We also think Camelle’s admission that he told the investigating officer that it was fortunate that the children had not run into the path of the Benoit vehicle, tends to support plaintiff’s statement that Ca-melle had told her, in substance, that he started to drive across the highway into his own driveway to avoid the danger that his grandchild might run into the path of plaintiff’s vehicle if Camelle had remained parked across the road.
Our conclusion, after reconsidering all of the evidence, is that Mrs. Benoit was free from negligence, and that the sole proximate cause of the accident was defendant Camelle’s negligence in suddenly starting his car and causing it to run into the side of plaintiff’s vehicle. We think plaintiff is entitled to recover the damages which she sustained, and that the trial judge erred in rejecting her demands.
Mrs. Benoit was 53 years of age when the accident occurred.
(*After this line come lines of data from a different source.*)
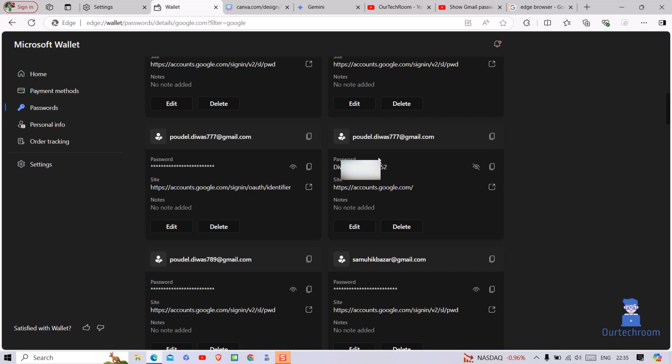You can see the password is revealed here. You can also copy down this password by clicking on the copy icon next to the i icon. Now the password has been copied and you can paste this password wherever you need.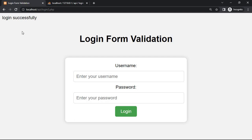And in the description I will share my blog link from where you can get this source code.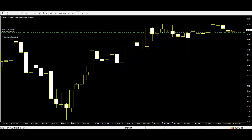When found in a downtrend, this pattern can be a powerful reversal pattern. There is powerful selling into the downtrend during the period which forms the first black candle, then a period of lower trading but with a reduced range, which forms the second period.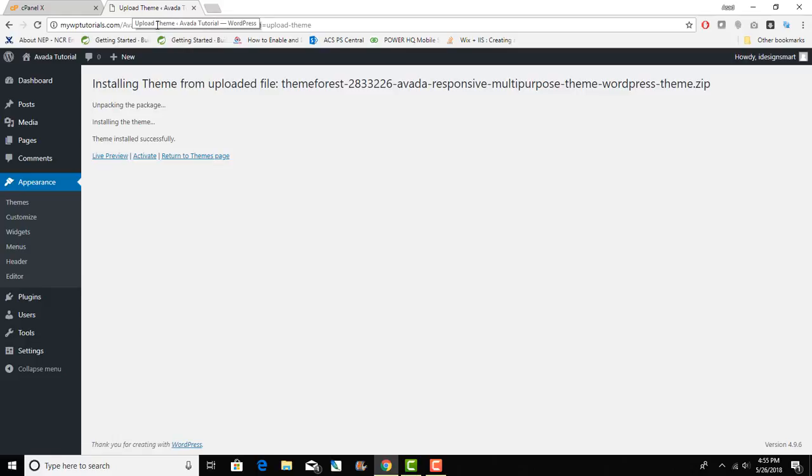Now it says that theme has installed. I will go ahead and activate it.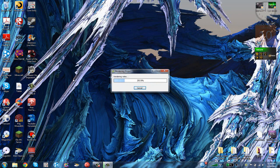So let's wait for this video to render. It's already been about 10 seconds since we started rendering this project. Just wait for it — it's almost done. It's basically done right now.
She had sustained a back injury in 1963,' which was diagnosed as a herniated intervertebral disc at the lumbosacral level. No corrective surgery was performed, but her condition apparently became asymptomatic thereafter) since she worked fairly regularly for several years after 1963.
As a result of the accident which occurred on April 2, 1971, Mrs. Benoit sustained injuries consisting of a hematoma of the left forearm, a muscle strain of the left rectus muscle, and muscle strains of the left lumbar area. The evidence indicates also that as a result of the accident a pre-existing degenerative arthritic condition of her spine was aggravated.
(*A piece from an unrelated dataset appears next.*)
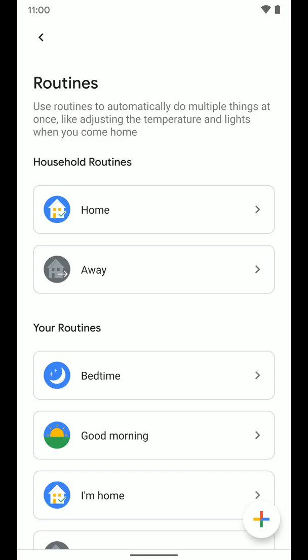But that's how you can go ahead and set up the home and away routines in the Google Home app. Hopefully that helps. And if it does, go ahead and leave a like below and click subscribe to the channel to get more helpful videos about your smart home. Thank you.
The medical treatment which plaintiff received following this accident included hospitalization for three days in April, 1971, and for two days in June of that year. She wore a lumbosacral support for several months after it was prescribed for her on April 27, 1971, and she was still taking medication, primarily for the relief of pain, at the time of the trial which took place about two years after the accident.
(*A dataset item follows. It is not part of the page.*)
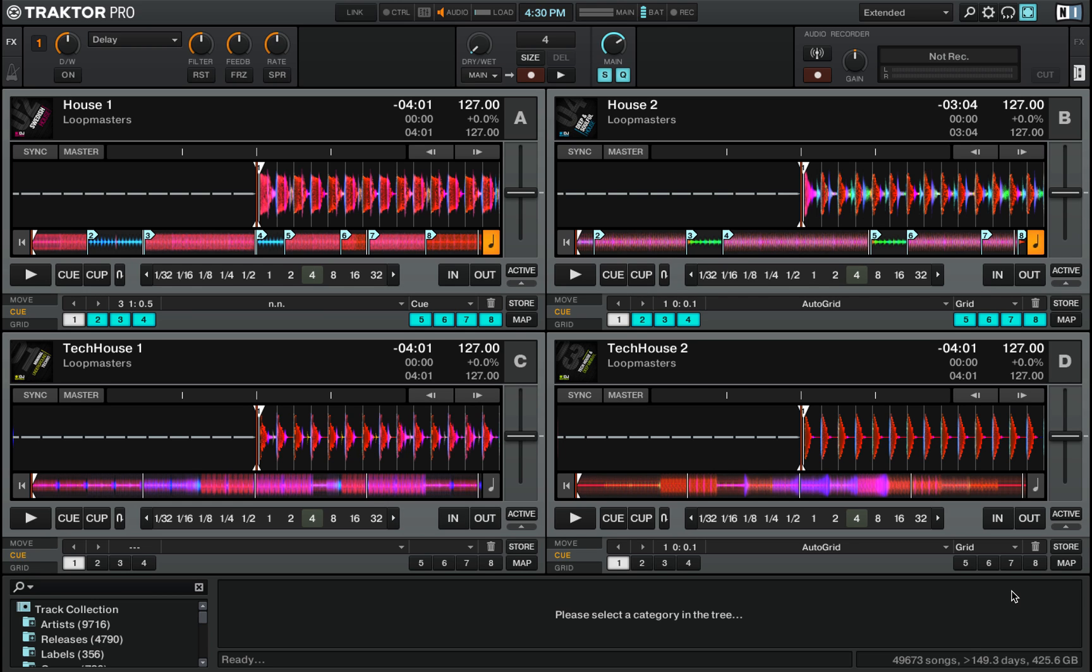But one of the best things about Traktor is that you don't need any fancy equipment to perform the basics of mixing. You can do everything inside Traktor with just your keyboard and your mouse.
She remained under the care of her initial treating physician from the date of the accident until September 17, 1971, or a period of a little more than five months. The same physician treated her on two occasions after that date for conditions unrelated to the accident. She was treated by an orthopaedic surgeon for a period of about six months from and after September 23, 1971. Her treatment, other than hospitalization, has consisted of some ultrasound treatments and medication, the latter being primarily pain relievers and muscle relaxants.
The hematoma on plaintiff’s arm cleared up and disappeared very shortly after the accident occurred, and the evidence convinces us that within a period of five or six months after the accident she recovered from the muscle strains which she had sustained. She still complained of pain or discomfort at the time of the trial, which took place about two years after the accident, but the evidence does not convince us that her present symptoms are causally related to the accident which occurred on April 2, 1971.
In our opinion an award of $5,0.00.00 for all of the injuries which plaintiff sustained, including her pain and suffering, would be fair and adequate. Plaintiff has alleged no loss of wages or other special *855damages, and the evidence does not indicate that she has sustained any such loss.
For the reasons herein set out, we set aside the judgment which we rendered originally in this case. The judgment appealed from is hereby reversed, and judgment is hereby rendered in favor of plaintiff, Mrs. Loida R. Benoit, and against defendants, Erroll J. Camelle and Southern Pacific Transportation Company, in solido, for the sum of $5,000.00, with legal interest thereon from date of judicial demand until paid, and for all costs of this suit. The costs of this appeal are assessed to said defendants.
Reversed and rendered.
MILLER, J., dissents and assigns written reasons.